**What is needed**. Up to and including the line that holds "Installation HSD réduit", copy every line of the records below exactly, starting at the first; leave pictures out.

**Input for this task**.
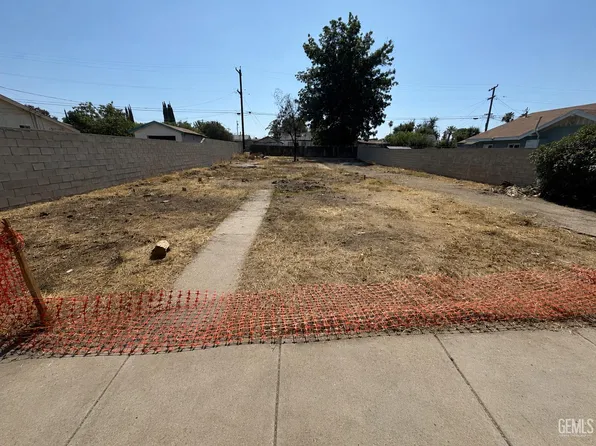 2302 Arlington St, Bakersfield, CA 93305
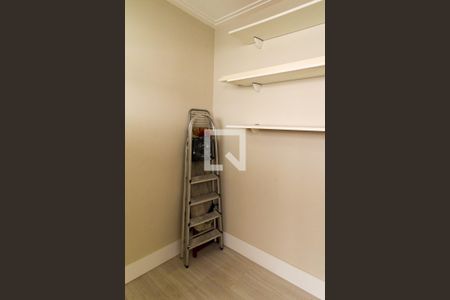 Apartamento à venda com 125m², 3 quartos e 1 vaga Apartamento à venda com 125m², 3 quartos e 1 vagaQuarto de Serviço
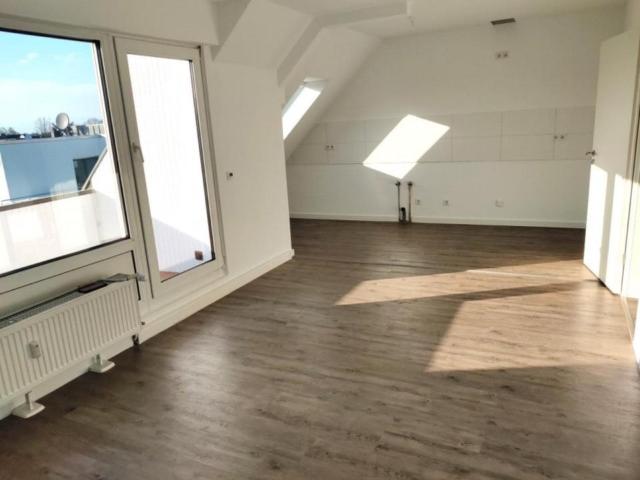 MFH Leverkusen Bürrig | 6 WE | 11 Stellplätze | 2 Garagen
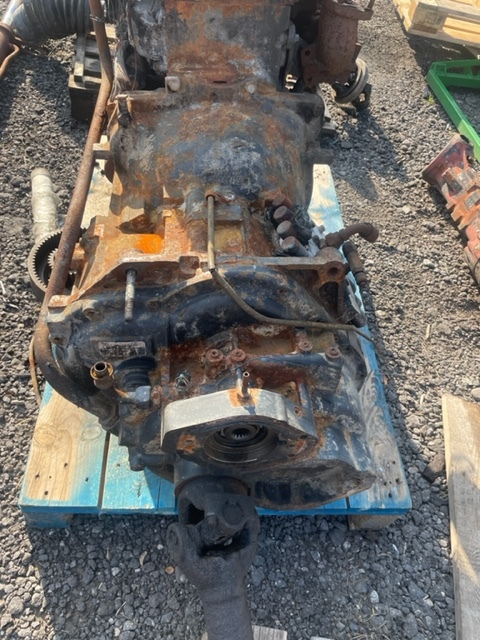 JCB 3cx skrzynia biegów części 442/00290/04/1784 - Sebességváltó - Mezőgazdasági gépek: 3 kép. JCB 3cx skrzynia biegów części 442/00290/04/1784 - Sebességváltó - Mezőgazdasági gépek: 3 kép.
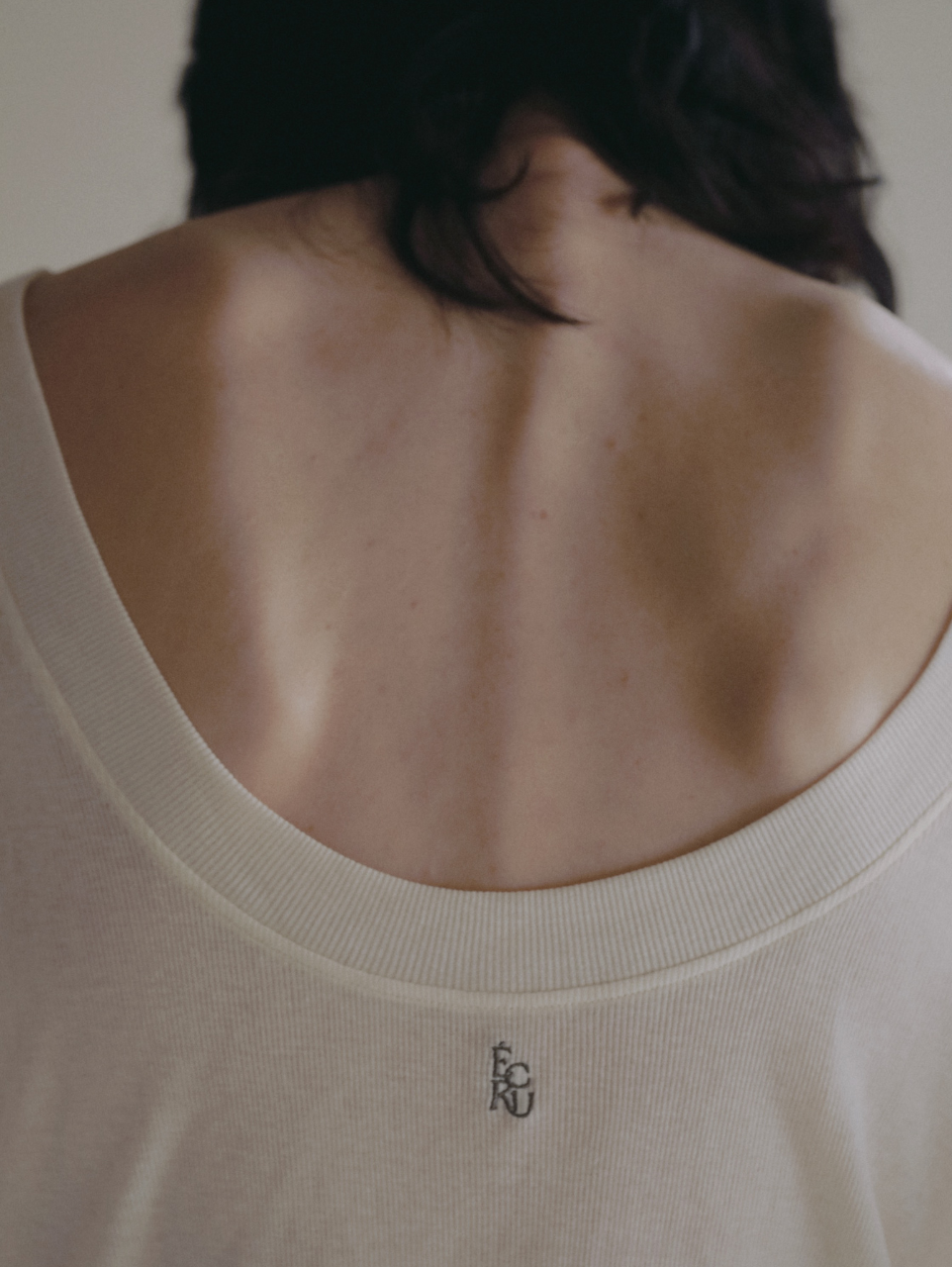 OPEN BACK SHEER LOUNGE TOP
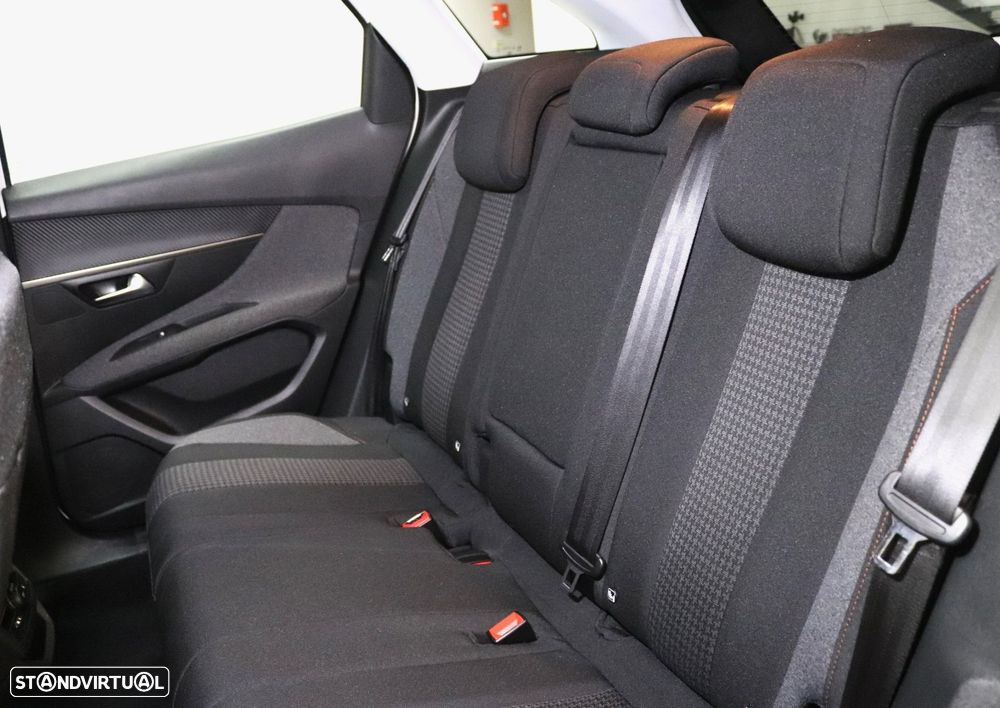 Peugeot 3008 1.6 BlueHDi Style EAT6 - 5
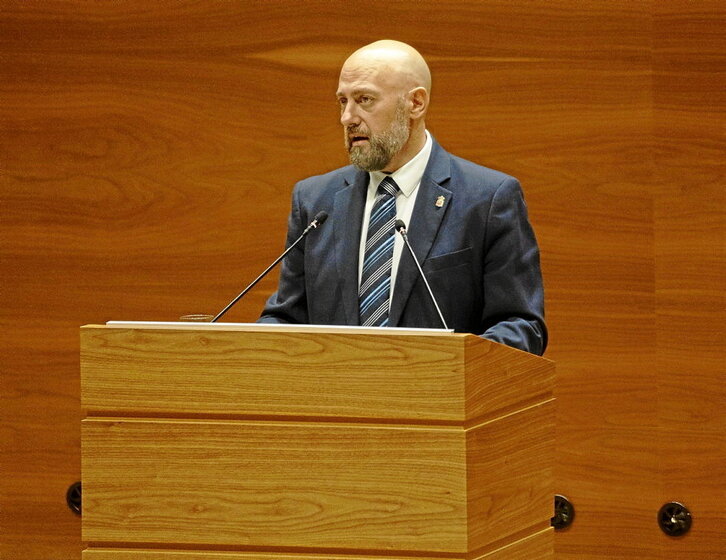 El consejero Arasti ha defendido el proyecto de Presupuestos de Nafarroa para 2024.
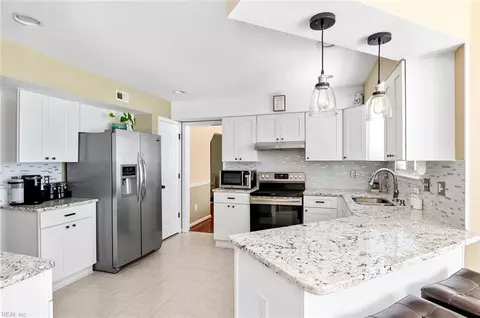 Kitchen - 4 Mullins Ct, Hampton, VA 23666 photo 7 of 8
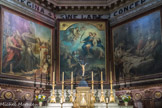 <center>Notre-Dame-des-Victoires. </center> Au centre,le Vœu de Louis XIII. A gauche, la Translation des reliques de Saint Augustin, 1748. A droite, l'Agonie de Saint Augustin, 1748. En remerciement de ce fils tant attendu (Louis-Dieudonné, le futur Louis XIV), Louis XIII fit vœu, le 10 février 1638, de consacrer «sa personne, son État, sa couronne et ses sujets» à la Vierge et de renouveler ce vœu tous les ans à la fête de l'Assomption. Dans le tableau de Carl Vanloo, le roi Louis XIII, lors de son vœu, expose à la Vierge le dessin de la façade de l'église qu'il avait promis de lui édifier.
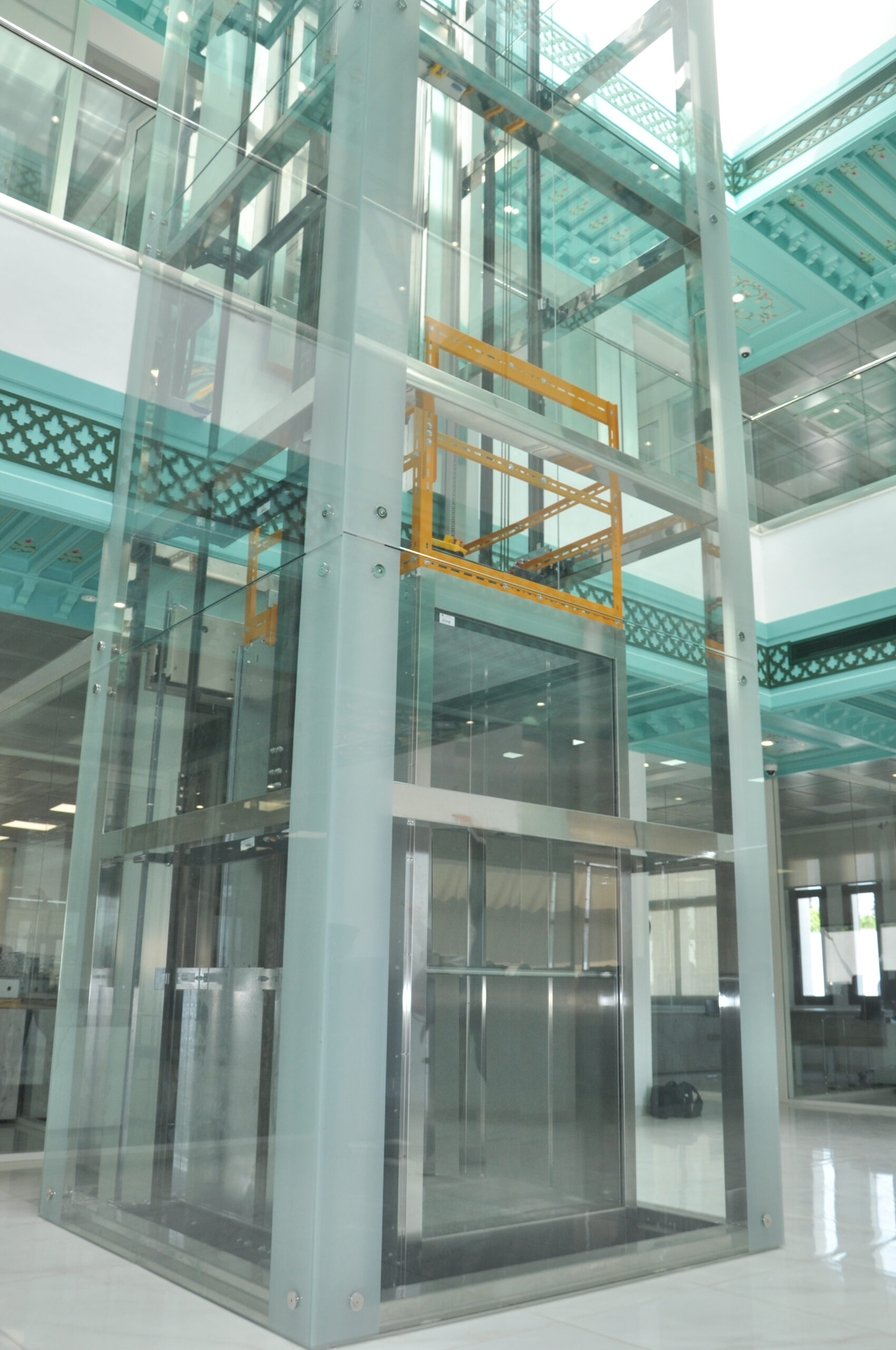 Installation HSD réduit Tunisie : Ascenseur sur-mesure pour faible hauteur sous plafond.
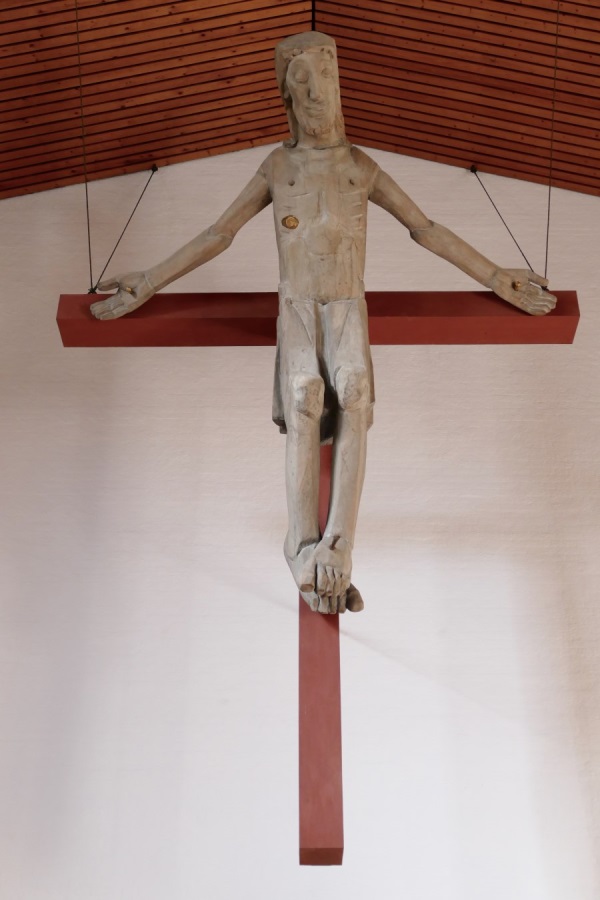 Kreuz mit Christusfigur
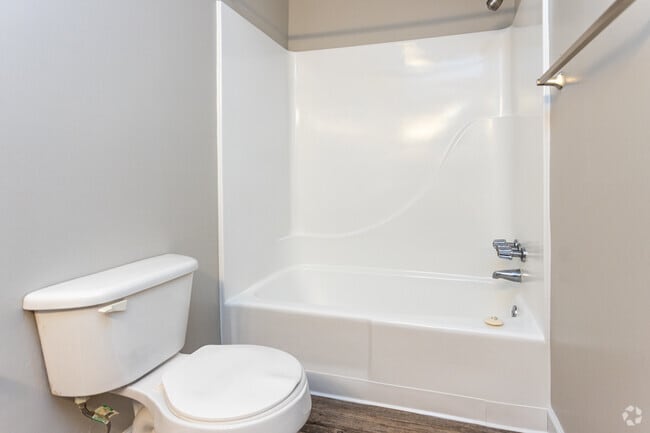 2 BR, 2 BA - 1,175SF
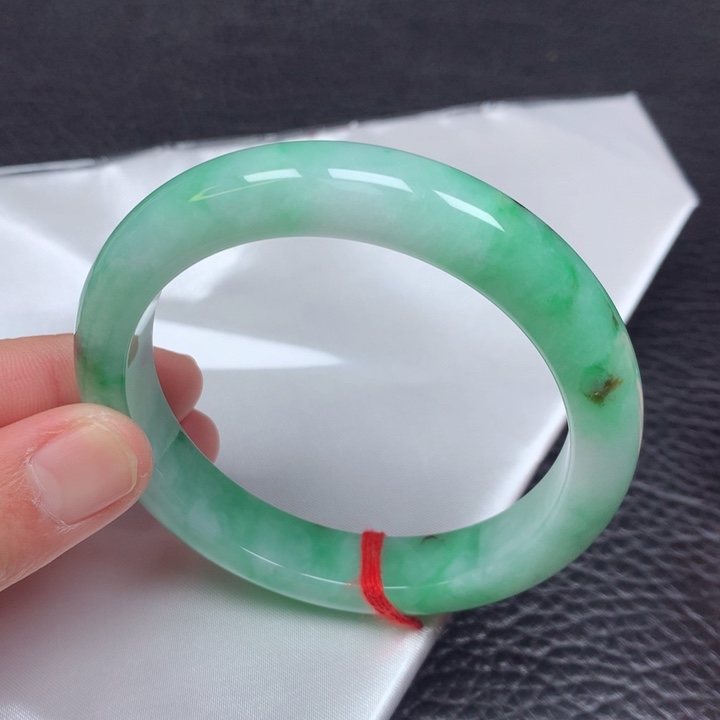 翡翠手镯未镶嵌。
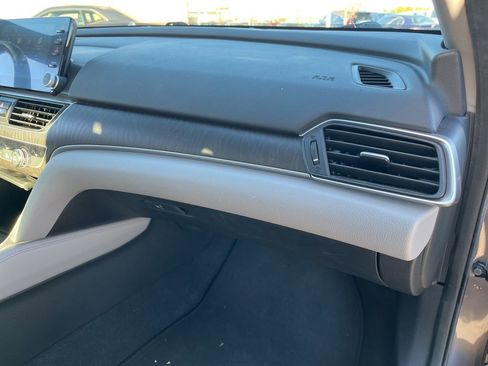 Used 2019 Honda Accord EX-L image 27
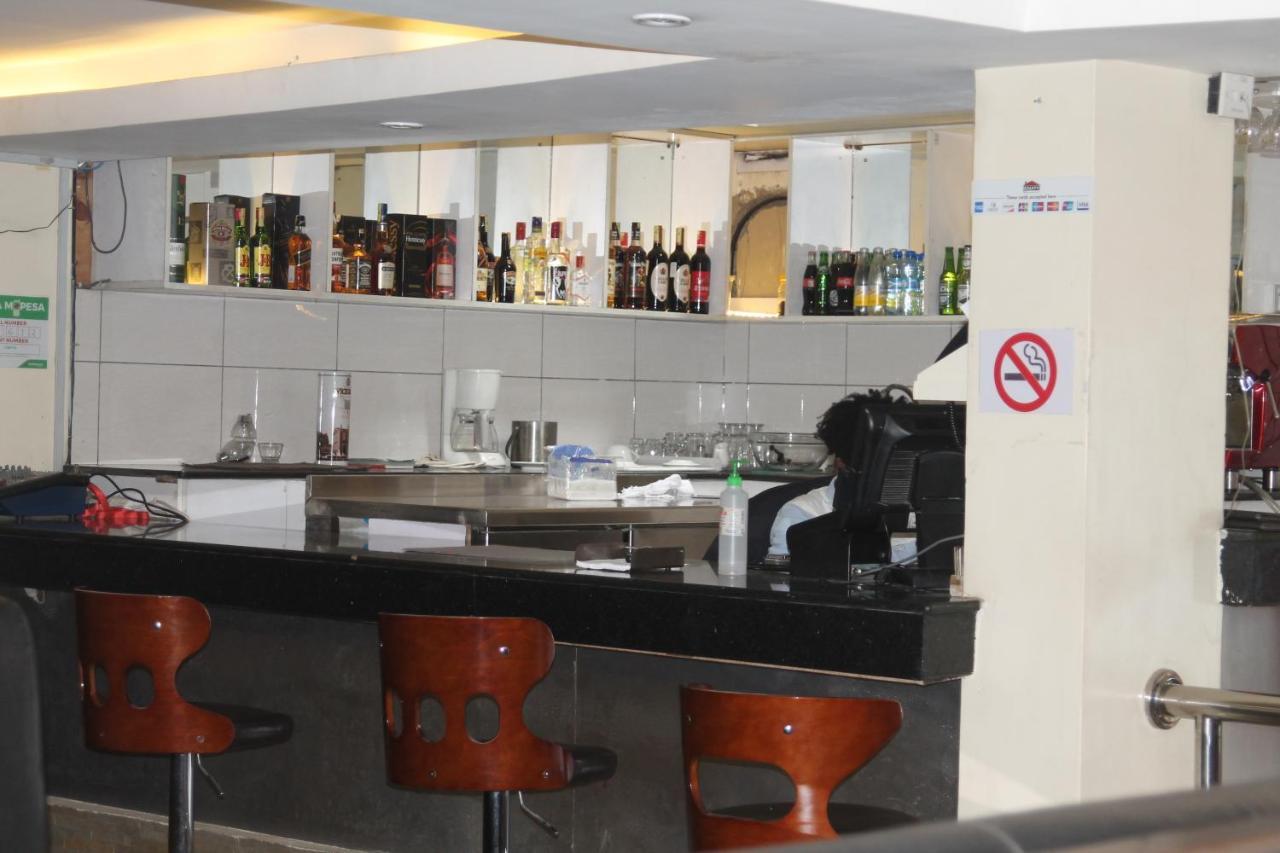 Airport Landing Hotel Ναϊρόμπι Εξωτερικό φωτογραφία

**Answer section**.
 2302 Arlington St, Bakersfield, CA 93305
 Apartamento à venda com 125m², 3 quartos e 1 vaga Apartamento à venda com 125m², 3 quartos e 1 vagaQuarto de Serviço
 MFH Leverkusen Bürrig | 6 WE | 11 Stellplätze | 2 Garagen
 JCB 3cx skrzynia biegów części 442/00290/04/1784 - Sebességváltó - Mezőgazdasági gépek: 3 kép. JCB 3cx skrzynia biegów części 442/00290/04/1784 - Sebességváltó - Mezőgazdasági gépek: 3 kép.
 OPEN BACK SHEER LOUNGE TOP
 Peugeot 3008 1.6 BlueHDi Style EAT6 - 5
 El consejero Arasti ha defendido el proyecto de Presupuestos de Nafarroa para 2024.
 Kitchen - 4 Mullins Ct, Hampton, VA 23666 photo 7 of 8
 <center>Notre-Dame-des-Victoires. </center> Au centre,le Vœu de Louis XIII. A gauche, la Translation des reliques de Saint Augustin, 1748. A droite, l'Agonie de Saint Augustin, 1748. En remerciement de ce fils tant attendu (Louis-Dieudonné, le futur Louis XIV), Louis XIII fit vœu, le 10 février 1638, de consacrer «sa personne, son État, sa couronne et ses sujets» à la Vierge et de renouveler ce vœu tous les ans à la fête de l'Assomption. Dans le tableau de Carl Vanloo, le roi Louis XIII, lors de son vœu, expose à la Vierge le dessin de la façade de l'église qu'il avait promis de lui édifier.
 Installation HSD réduit Tunisie : Ascenseur sur-mesure pour faible hauteur sous plafond.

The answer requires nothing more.